Irkutsk State Medical University
- Type: Public
- Established: 27 October 1919
- Location: Irkutsk, Russia 52°16′25″N 104°16′54″E﻿ / ﻿52.27361°N 104.28167°E
- Campus: Urban;
- Nickname: IGMU (Russian: ИГМУ)
- Website: www.irkgmu.ru

= Irkutsk State Medical University =

Irkutsk State Medical University (Иркутский государственный медицинский университет) is a higher education institution in Irkutsk, Irkutsk Oblast, Russia.

==History==
On August 26, 1919, the Medical Department was opened at the Physics and Mathematics Faculty of Irkutsk (East Siberian) University. On January 20, 1920, the Medical Department became an independent educational and administrative entity—the Faculty of Medicine of Irkutsk University. Due to a number of circumstances, the university's anniversary date has traditionally been set at October 27, 1919.

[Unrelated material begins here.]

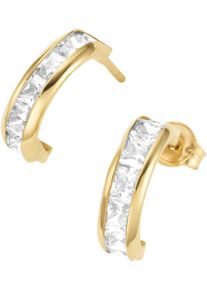 Firetti Damen Paar Ohrstecker "Schmuck Geschenk Gold 375 Ohrschmuck Ohrringe Steine carréförmig", Gelbgold 375, gold, Gelbgold 375, Ohrringe, mit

The organizers were old Russian intellectuals, essentially the elite of the Kazan Medical School, among them Nikolai Bushmakin.

In 1929, a radical restructuring of higher education began in the Soviet Union. Universities from the People's Commissariat of Education system were transferred to sectoral People's Commissariats. By this time, the Faculty of Medicine also faced the internal need to transform itself into an independent entity. For this reason, in the spring of 1930, the Faculty of Medicine at Irkutsk University was separated into an independent institute and placed under the jurisdiction of the People's Commissariat of Health.

In 1992, the Irkutsk State Medical Institute passed state certification for the assessment of the quality of specialist training, conducted by the State Inspectorate for Certification of Educational Institutions of the State Committee for Higher Education, hence in May 1995 it received a medical university status.